Furthermore, Mr Franchet and Daniel Byk (director of one the services within this body) filed a complaint in July with the Ombudsman against the Commission and OLAF for "bad administration". The two men refused to be "treated like scapegoats to pay for crimes that they did not commit", their legal representatives write. The latter stress that all the investigations in progress are based on the conclusions of internal audit reports carried out between 1998 and 2001 at the request of Yves Franchet. "None of these reports allows it to be concluded that Community funds were used for purposes other than for Eurostat, and therefore not for the personal gain of officials either", the lawyers say. They go on to add that the recommendations contained in these reports were implemented and that the Commission's control services had the matter referred to them but did not react.

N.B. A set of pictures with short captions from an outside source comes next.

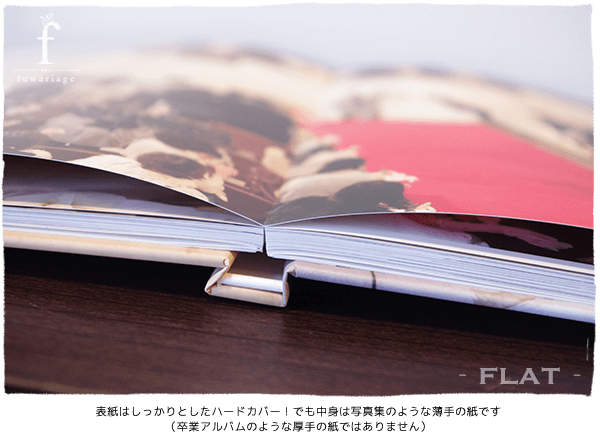 �\���͂�������Ƃ����n�[�h�J�o�[�I�ł����g�͎ʐ^�W�̂悤�Ȕ���̎��ł��i���ƃA���o���̂悤�Ȍ���̎��ł͂���܂���j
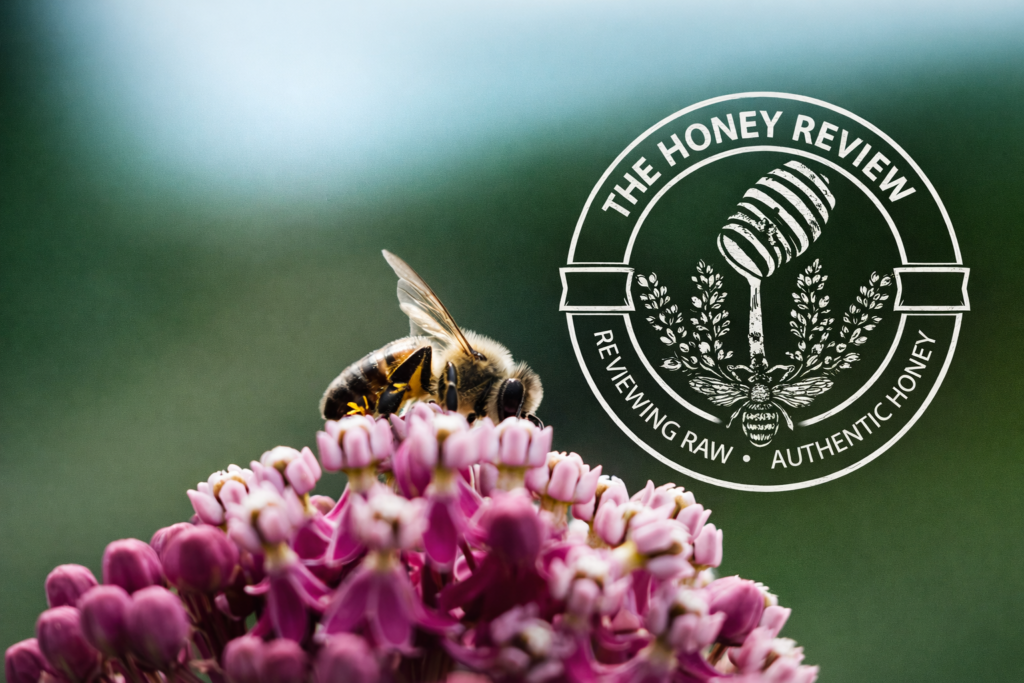 honey review featured home image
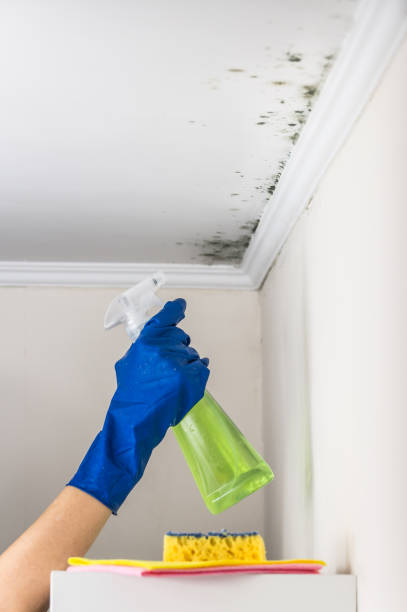 Best Crawl Space Mold Removal  in Kingston, PA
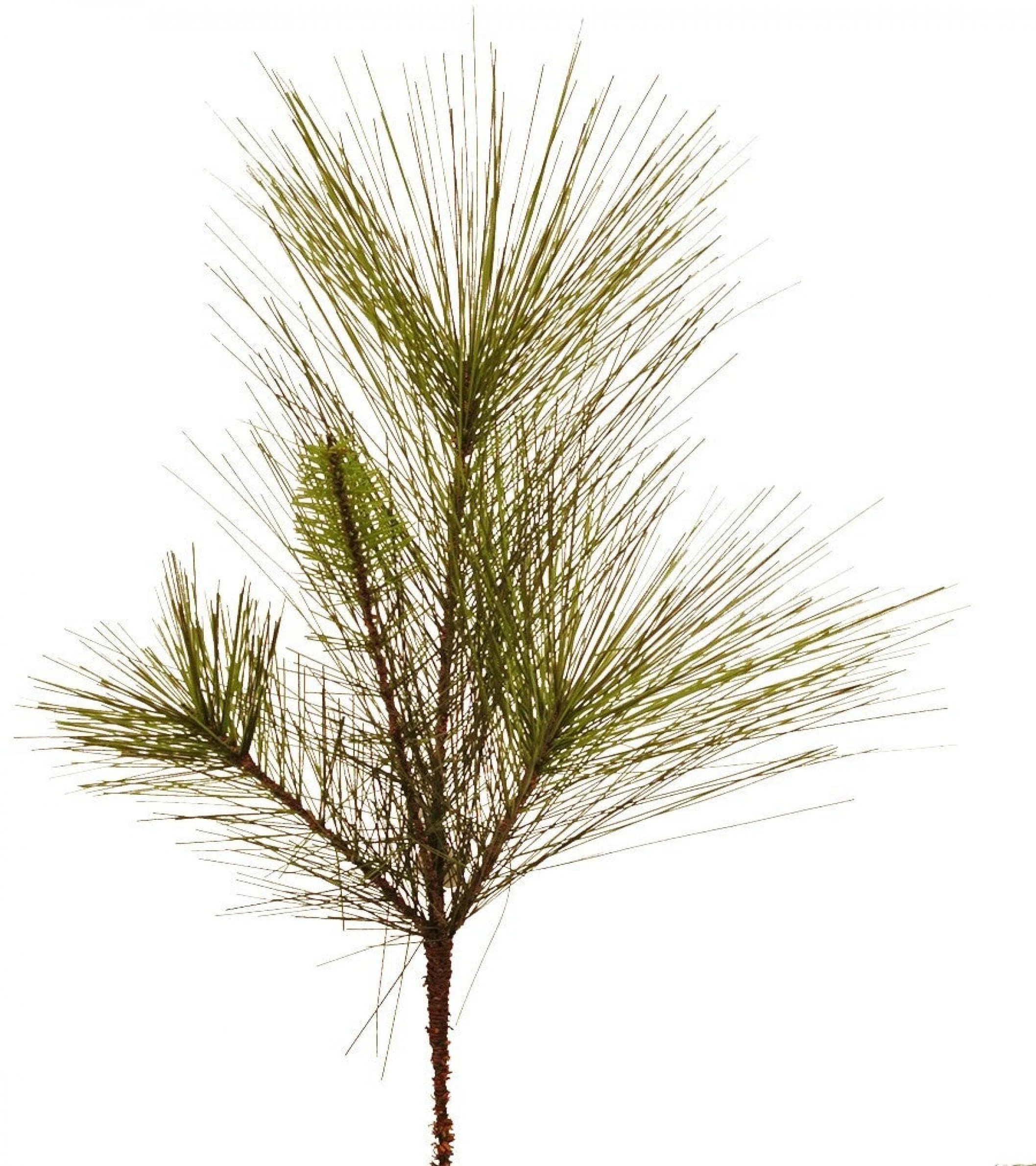 Canton Pine Branch Pick Faux Plants And Trees | Wayfair North America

Speaking for his defence, Mr Franchet recalls that Eurostat has, over the past fifteen years, had to face an exponential increase in its workload with the coming of the euro and enlargement, and that given the repeated refusal on the part of the Commission to grant it more resources, Eurostat has had to "outsource" certain tasks, either to national statistical offices or to private firms. According to the lawyers, Eurostat's calls for tenders for work with outside firms were approved by the relevant Commission service and the financial audit approved payment to these firms. We recall that, at the heart of the problem lies the use by Eurostat of private sub-contractors for marketing its statistics, such as the French company Planistati, with which all contracts were suspended to give enough time to complete the inquiries.